Ao longo da última década, vários setores da economia foram se tornando gradativamente dependentes do gás natural. No setor industrial, a participação do energético saltou de 3% em 1990 para 11% em 2012. No transporte rodoviário, cerca de 1,7 milhões de motoristas acreditaram no gás natural e converteram seus veículos para o GNV. No segmento de geração elétrica, a participação do gás natural saltou de menos de 1% em 1999 para 10% em fevereiro de 2014, sendo atualmente a principal fonte de complementação hidráulica.

No entanto, o acelerado crescimento da demanda de gás natural não foi acompanhado pela expansão da oferta nacional, de forma que nossa dependência externa em relação ao energético se manteve elevada, atingindo 39% em 2012. Em 2013, o déficit da balança comercial de gás natural atingiu o recorde de 6,96 bilhões de dólares.

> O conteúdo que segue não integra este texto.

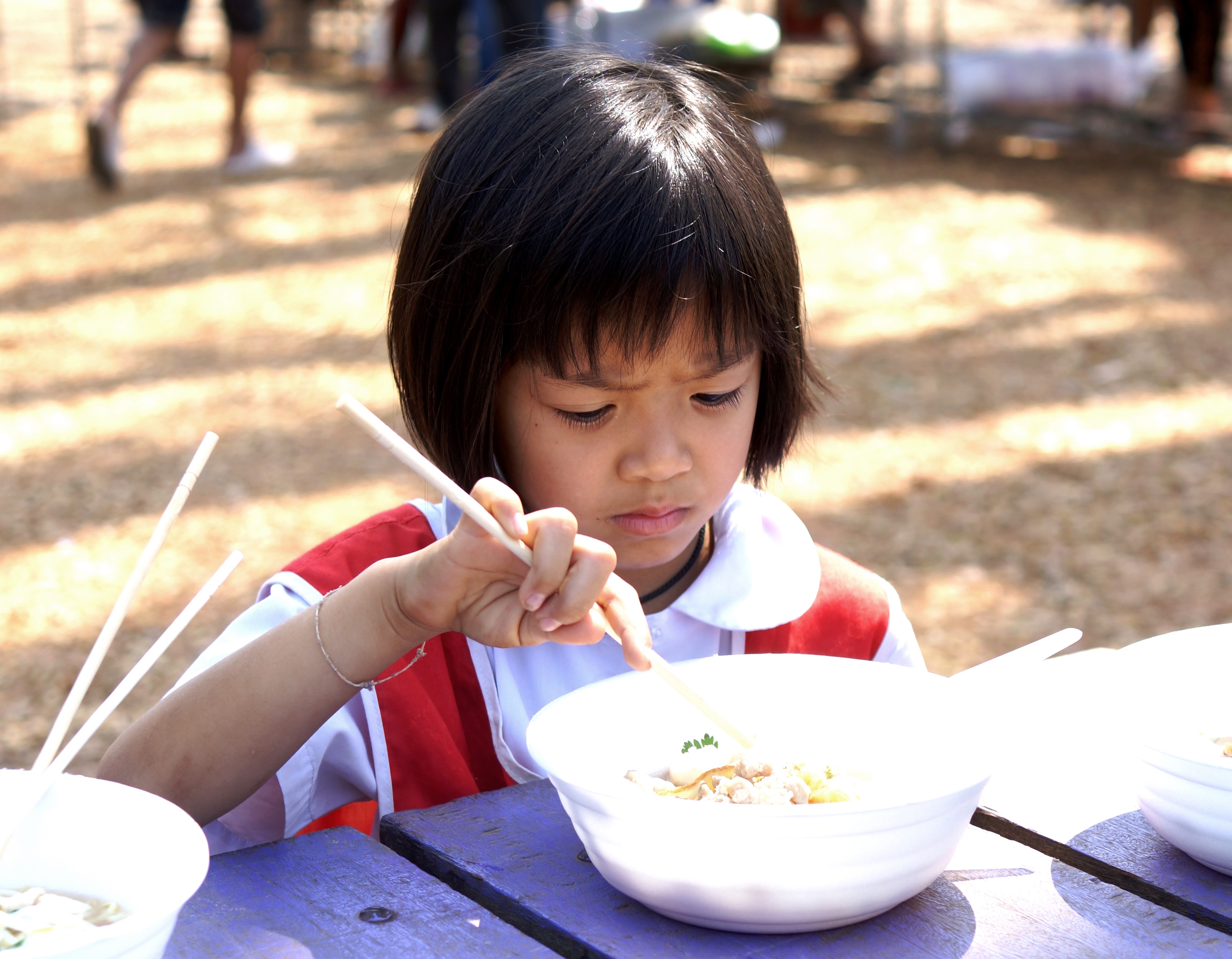 สแกนพื้นที่เฝ้าระวังทุพโภชนาการเด็ก thaihealth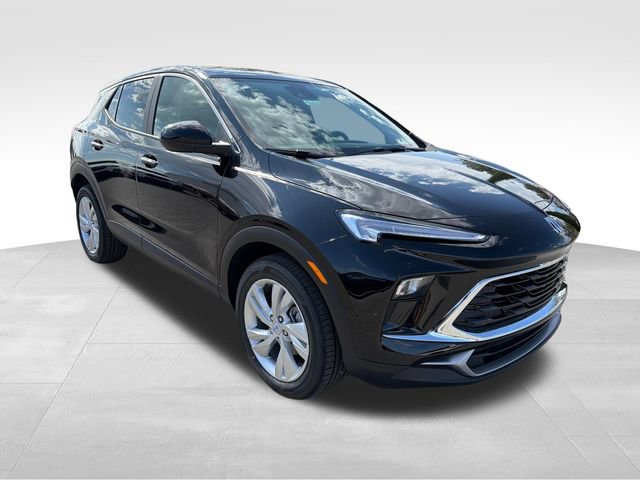 New 2026 Buick Encore GX Preferred FWD image 1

O crescimento das importações de gás natural não apenas afeta a balança comercial brasileira, mas também impõe um custo elevado para a indústria e para o setor elétrico nacional, uma vez que os preços do gás importado estão bastante elevados. O valor médio pago pelo gás boliviano e pelo GNL em 2013 foi de 10,1 US$/MMBtu e 12,85 US$/MMBtu, respectivamente (preços de referência no city gate). Os problemas relacionados ao elevado custo do gás natural para o setor industrial brasileiro se agravam no cenário atual pelo reduzido preço do energético na América do Norte (4,9 US$/MMBtu em março de 2014), que, associado a outros diferenciais de custos, reduzem a competitividade dos setores energo-intensivos no Brasil.  Os preços elevados do gás natural importado afetam também a própria Petrobras, já que a empresa nem sempre consegue repassar para os consumidores finais todo o custo de importação. 

Se atualmente a situação da indústria de gás natural brasileira desperta grandes preocupações, para os próximos anos as perspectivas não são muito reconfortantes. Segundo a Petrobras, o cenário de oferta doméstica continuará desfavorável, pelo menos até 2020. De acordo com a empresa, a oferta adicional de gás nacional proveniente dos investimentos na área do pré-sal não será suficiente para atender ao crescimento da demanda, de forma que o balanço entre a oferta e a demanda dependerá do aumento das importações de GNL.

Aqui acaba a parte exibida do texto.